Now that same Jack Towers was serving as captain of the first flattop, the Langley, a vessel named for the professor who had failed to fly, and I recalled the Langley when she had been commissioned as the collier Jupiter at the Mare Island Navy Yard, under command of Comdr. Joseph M. Reeves. The Langley had a revolutionary power plant, the electric drive, and had been equipped with a forest of masts and booms designed to fuel battleships at the rate of 500 tons of coal per hour. Today, fuel oil had replaced coal in all naval vessels and the Langley masts had been leveled to make room for a flat landing area for aircraft. And I, who had set out to become a gunnery officer but had been converted into a mechanical engineer, was now a naval aviator. Well, the new job seemed to have possibilities, but just how far-reaching they would prove to be, I didn’t even dream.
CHAPTER THIRTEEN
A Salt’s Solution
When, next morning, I buckled on my dress sword and reported at the Naval Air Station, I found Admiral Reeves had gone to Denver to make a speech at the Navy Day celebration there. Then, since Captain Towers was senior officer present afloat, I walked down the Langley dock to pay my respects to him. The moment I stepped over the rail onto the steel-decked passageway leading aft under the landing platform, I recognized the unmistakable signs of a “smart ship.” Freshly scrubbed paint and gleaming brightwork told its own story. And before the winter had passed, I would learn just how smart the Langley really was. For Jack Towers, the naval aviator, was one of the best ship handlers in the whole service. He greeted me outside his cabin and promptly asked me to stay for lunch.

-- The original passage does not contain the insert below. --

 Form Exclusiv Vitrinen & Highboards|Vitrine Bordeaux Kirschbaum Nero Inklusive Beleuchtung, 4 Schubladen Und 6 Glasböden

Jack Towers, one of the real pioneers of American aviation, was the acknowledged leader of the younger generation. He had served with distinction in World War I as a member of Admiral Sims’s staff in London, and though some of his contemporaries resented his tendency to adopt English mannerisms, his juniors swore by him. Now he invited some of his department heads, old friends of mine, like Pete Mitscher, Monty Montgomery, and Bobby Moulton, to join us for a bull fest. And hardly had we sat down around the mess table before I found myself in the middle of the big issue of the moment.

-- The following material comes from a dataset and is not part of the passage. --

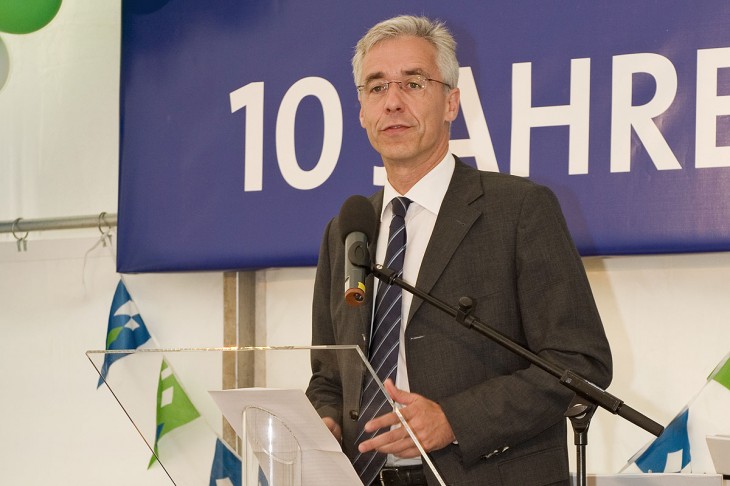 Der Aufsichtsratsvorsitzende Jörg Simon bei seinem Grußwort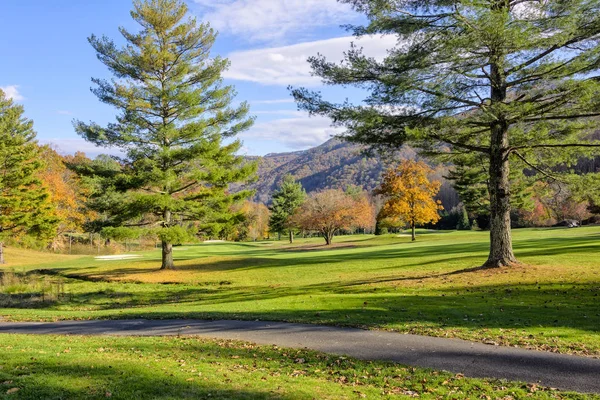 Красочный пейзаж поля для гольфа — стоковое фото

My personal situation was complicated by the fact that I was a newcomer to aviation and now, by seniority and assignment, in a position of authority over such old-timers as were gathered around the table. No doubt they thought my qualification as naval aviator had been donated by Admiral Moffett, and discounted my flying ability accordingly. With this in mind I had sought to tread softly through the lunch, but the issue now raised must be met head on.

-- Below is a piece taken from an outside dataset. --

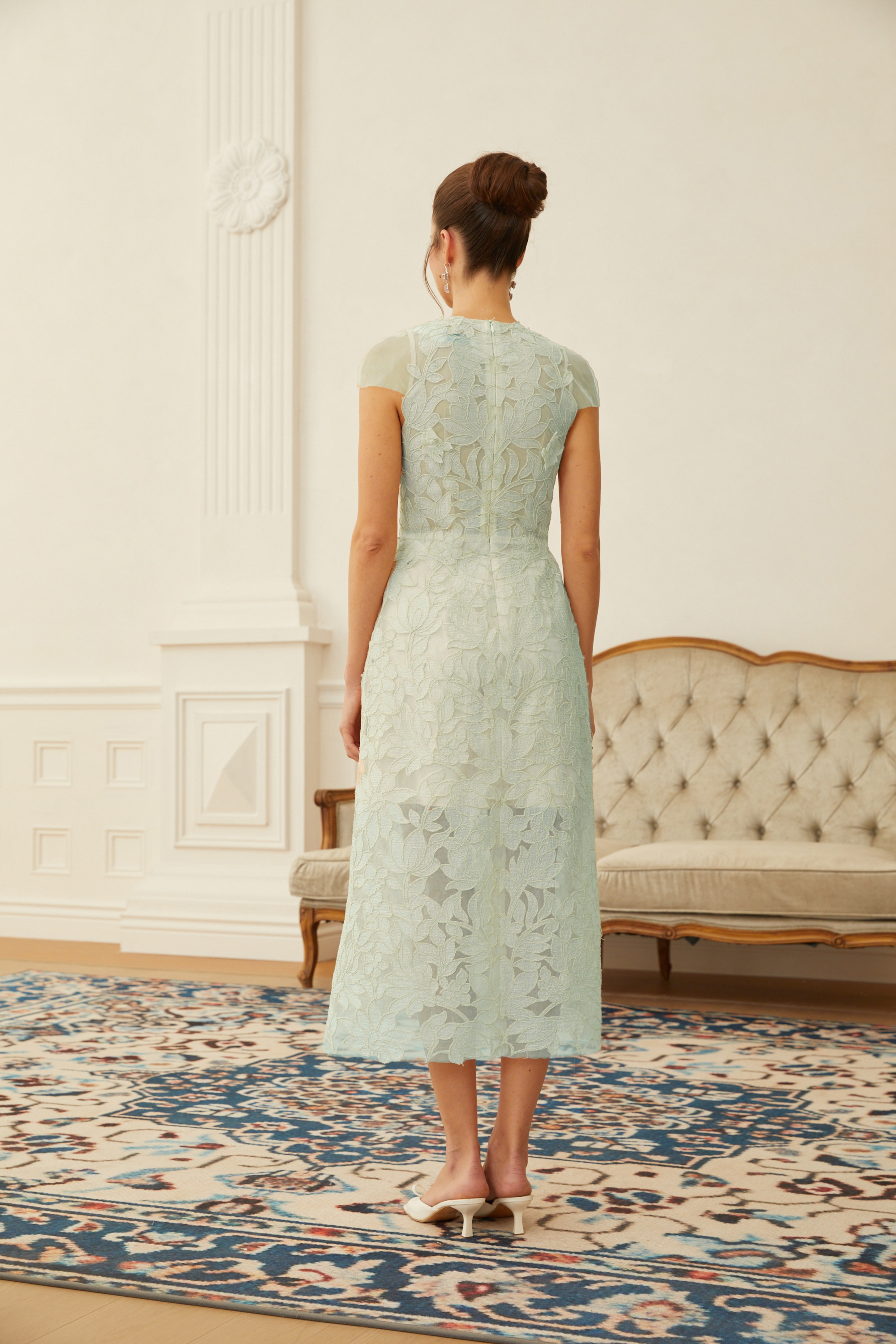 Midi-Kleid mit V-Ausschnitt und grüner Blumenapplikation von Linnea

It developed that Admiral Reeves held curious notions about carrier tactics. He was insisting that a 500-foot, 10,000-ton vessel like the Langley could earn her salt only by operating sufficient aircraft to make her an effective military instrument. He had mentioned thirty-six planes, or two full fighter squadrons, as the minimum complement. But Langley officers had crystallized the opinion that not more than a third as many, say twelve airplanes, could be flown off the Langley and received on board without hazard to the lives of pilots. That key factor of safety had been argued out in conferences but “Bull” Reeves had stood pat. The Langley officers, now concerned, put the clincher on me.
“It’s up to you,” someone said, while the Filipino mess attendants passed the coffee.
“How come?” I inquired in some surprise.